The thing that made them into a single cluster was that your user account existed on them all, and you had the same home directory on them all: make files on one machine, and they're visible on the other machines; but you still had access to the machine specific features of each host.
The technology of the time often used Network File System (NFS) and Network Information Service (NIS) (formerly known as Yellow Pages, with that name living on in the yp
prefix of commands like yppasswd
).
Fast-forward a decade or two and things look different: virtual machines are thing now, and more recently, containers.

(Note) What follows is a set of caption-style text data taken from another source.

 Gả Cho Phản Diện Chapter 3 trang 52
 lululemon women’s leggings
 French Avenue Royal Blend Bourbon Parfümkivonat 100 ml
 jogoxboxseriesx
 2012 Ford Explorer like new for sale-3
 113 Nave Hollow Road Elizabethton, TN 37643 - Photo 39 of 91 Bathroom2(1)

It's now very common to custom build a virtual machine or a container, both with something approximating an entire OS, specifically for running one application, or for running just a single piece of one application.

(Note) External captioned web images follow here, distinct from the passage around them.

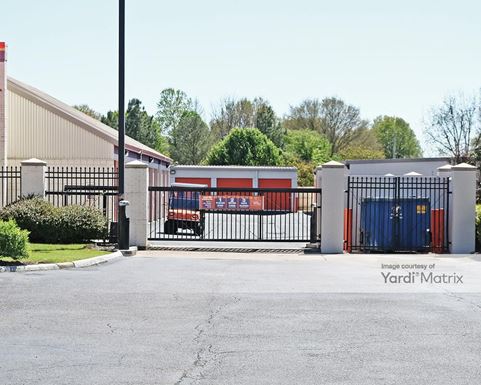 Source URL: https://cdnsc.rentcafe.com/dmslivecafe/3/1075039/1075039-1-2.jpg?width=-1&height=385&quality=80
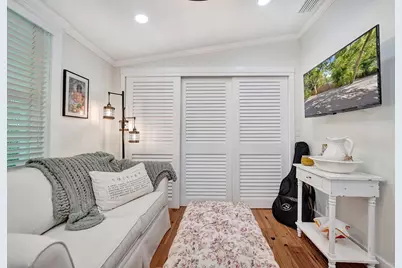 1205 SW 4th Street, Fort Lauderdale, FL 33312 - Photo 18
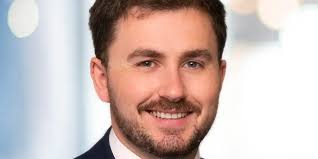 Housing industry careers news: This week's Movers & Shakers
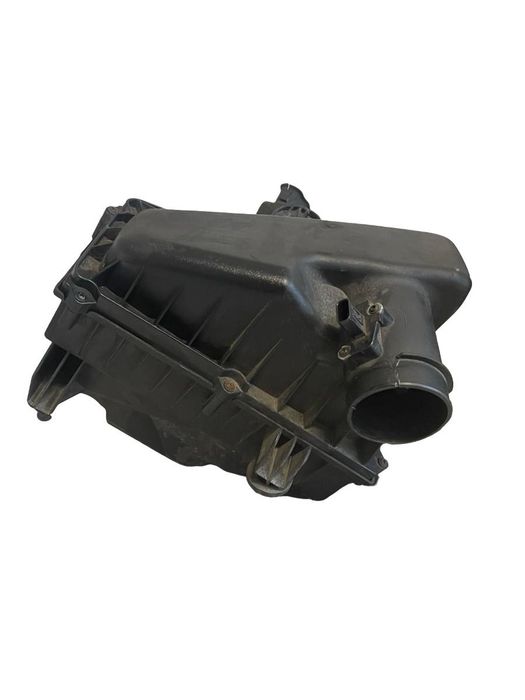 Carcasa Filtru De Aer + Debitmetru Ford Mondeo Iv 2007 - 2015 2.0 Tdci Qxbb 6C11-12B79-Aa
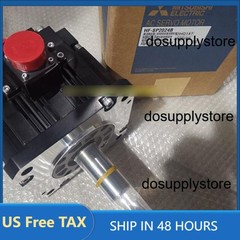 Mitsubishi HF-SP2024B Servo Motor HFSP2024B New In Box 1PC
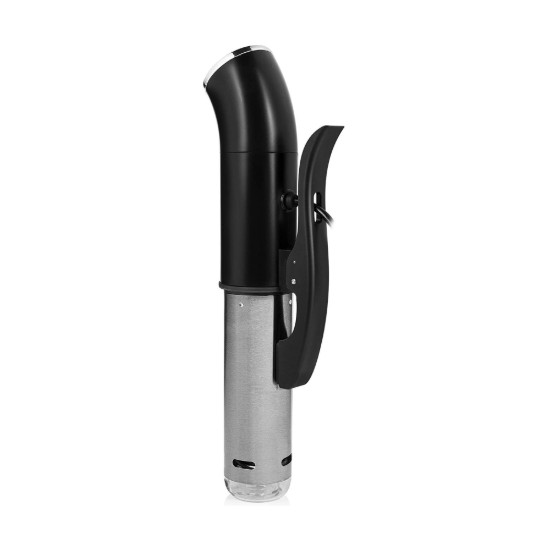 Apparecchio di cottura Sous Vide, 1200 W - Princess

So maybe you'd connect these pieces - virtual machines or containers - with some kind of socket connection: a web front end exposing HTTP and talking to a PostgreSQL database in another container with no shared files between them.
I did a bunch of stuff this way, and it was great: you can install separate package stacks in isolation from each other. Want this weird version of a library or compiler? Or to run some curl | sudo
script without messing up the rest of your system? Or stick with an old distribution of your OS just for one tool? Easy.

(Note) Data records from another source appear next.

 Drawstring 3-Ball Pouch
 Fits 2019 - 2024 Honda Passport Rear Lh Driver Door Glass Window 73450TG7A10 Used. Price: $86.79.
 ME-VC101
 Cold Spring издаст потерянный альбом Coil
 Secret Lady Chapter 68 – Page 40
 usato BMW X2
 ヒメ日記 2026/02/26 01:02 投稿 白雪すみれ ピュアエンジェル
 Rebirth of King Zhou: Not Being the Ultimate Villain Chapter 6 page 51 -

But it was a pain getting getting files between different places. Got my text editor and version control set up in one place, but need to compile in another? There are all sorts of different ways to get files between those places: for example, commit regularly to version control; or rsync.
Docker running on one host has options for mounting pieces of the host file system inside containers; but I lacked a good idea of what to mount where.
It was all so simple before: you had ~
everywhere, and nothing else.
So I started using the unix cluster model, described at the top of this post, to guide how I set up a lot of my containers and virtual machines.
The actual technology (NFS, docker volume mounts, YP, LDAP, HESIOD, ...) isn't massively relevant: I've used different mechanisms in different places.
What really matters is: all the (regular human) users get their home directory, mounted at the same place (under /home
).
Pretty much with most ways of sharing files, that means the unix user id for that user should be the same everywhere too.
I've implemented this basic model in a few different ways: for a couple of VMs inside the same physical server, a traditional NFS and OpenLDAP setup (NFS for file sharing, LDAP for distributing account details) which is a more modern replacement for NFS/NIS; on my laptop and some of my physical servers, I've got a wrapper around docker called cue
which creates exactly one user (the invoking user) inside the container, and mounts their home directory appropriately; I have some ad-hoc docker server containers (eg inbound SMTP) where the whole of /home
is volume-mounted, and then OpenLDAP is used to share accounts.
There are plenty of downsides: for example, your whole home directory is accessible in more places than it needs to be and so is more vulnerable; you can't access files outside your home directory, so ~ is now a specially magic directory; posix filesystems work badly in distributed systems. For lots
of what I want, these downsides are outweighed by the upsides.
One twist that doesn't happen so much with a cluster of physical machines: a server such as a mail server is now a container which has a mail queue which I want to persist across rebuilds. Rebuilding would be unusual in the physcial machine model because you don't usually rebuild physical servers often. So where should that persistent data go? Inside a specific /home directory? in a /container-data directory that is mounted too, like an alternate version of /home? What user-id should own the queue? Different builds of a container might assign different user-ids to the mail server.